Hello @texaskcfan, @Peterjones, @terry-r and All,
@texaskcfan, if I assume that :
Your list contains one record per line
The field separator is the comma, located right after the previous field and right before the next field
Any field is, either :
Any text, between two double quotes, beginning a line, possibly preceded with blanks characters and followed with a comma, as "xxxxxx",
Any text, between two double quotes, itself surrounded by two commas, as ,"xxxxxx",
Any text, between two double quotes, preceded by a comma and ending a line or the very end of current file, as ,"xxxxx"CRLF
The following regex, containing a recursive pattern, will find all the zones between two commas, which contains an even number of " ( double-quote characters ) :
(?x) (?:^\h*|,) (?: ( " (?: [^"\r\n,]++ | (?1) )* " ) )+? (?=,|\R|\z)
For instance, given this sample, that you’ll copy in a new tab :
"0","0","","","","","","","","","","","","",""
"Field1","Field2","Field3","Field4","Field5","Field6","Field7","Field8","123 Main "St AptD"","","Dallas","TX","12345","","","","","","","","","","","","","","","","","","","","","","",""
"Field1","Field2","Field3","Field4","Field5","Field6","Field7","Field8","This fie"ld is NOT correct","","Dallas","TX","12345","","","","","","","","","","","","","","","","","","","","","","",""
," abcde","","ijk "123"," 987 "This is"a small""pie"""ce of"text for" tests" !!","","abc"de"fgh"ij","12345"
" abcde","","ijk "123"," 987 "This is"a small""pie"""ce of"text for" tests" !!","","abc"de"fgh"ij","12345"
"","","",","","","",""
","","","","",""
" """ """ """ "
" " " """ """ "
1234567890","","","","",""
" abcde","","ijk "123"," 987 "This is"a small""pie"""ce of"text for" tests" !!","","abc"de"fgh"ij","12345"

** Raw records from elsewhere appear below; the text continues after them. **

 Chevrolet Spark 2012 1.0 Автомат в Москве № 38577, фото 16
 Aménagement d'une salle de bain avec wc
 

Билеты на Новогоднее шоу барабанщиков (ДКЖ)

Open the Mark dialog ( Ctrl + M )
Paste the above regex in the Find what: zone
Preferably, tick the Purge for each search option
Possibly, tick the Wrap around option
Select the Regular expression search mode
Click on the Mark All button
=> All the fields ,........, containing an even number of " ( thus any correct field ), are marked in red style. This means that any zone, still unmarked, contains an odd number of double quotes, probably indicating one " character, too many or too few ;-))

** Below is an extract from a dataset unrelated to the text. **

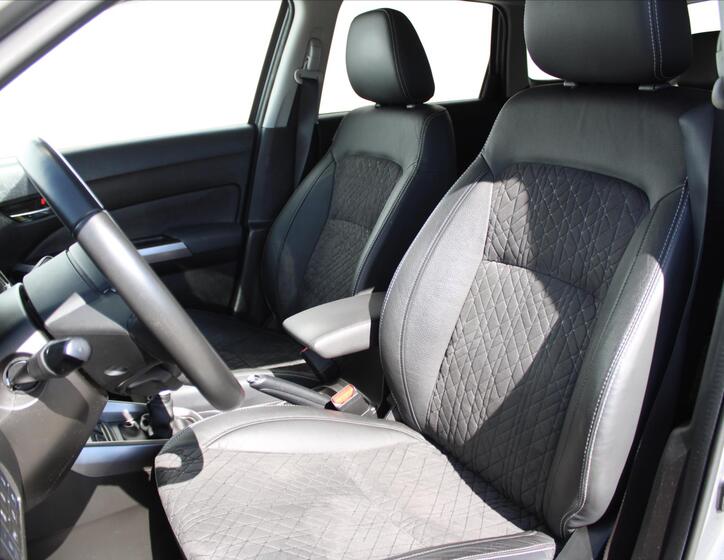 Suzuki Vitara 10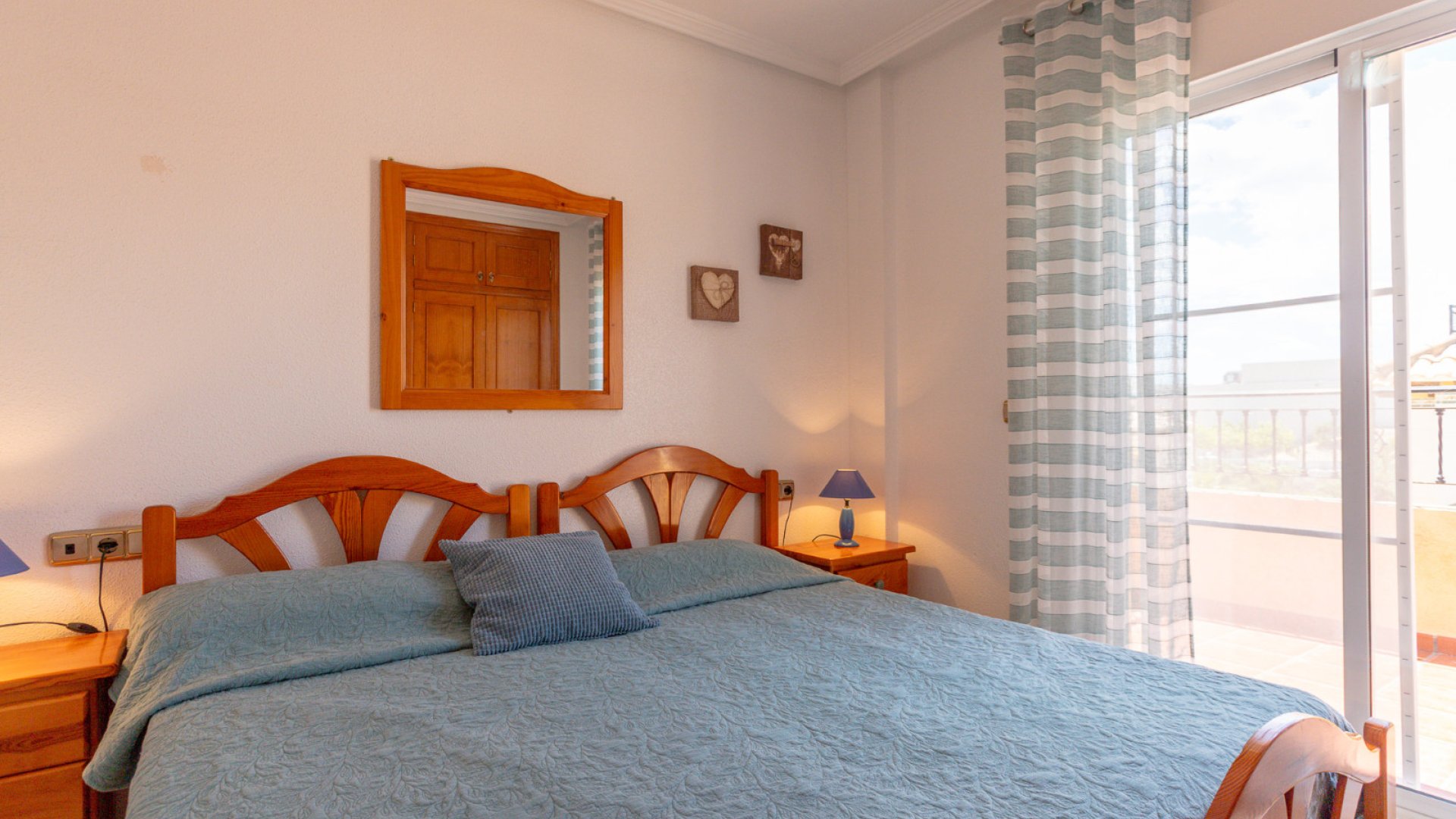 Resale - Villa -
Orihuela Costa - La Zenia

Note that, for a correct scanning process of the text, the regex marks from the comma, before each zone "....." till the ", right before the next comma !
You may, as well, use the Find dialog to visualize each correct field, one a a time !
Here is a snapshot of the sample, after the mark operation :
As you can see, all the fields non marked are incorrect in some ways and need examination.
Note, also, that it’s impossible build up a regex in order to get the opposite logic, i.e. which would match the general case of any zone, between two commas, containing an odd number of double quotes inside !
Best Regards
guy038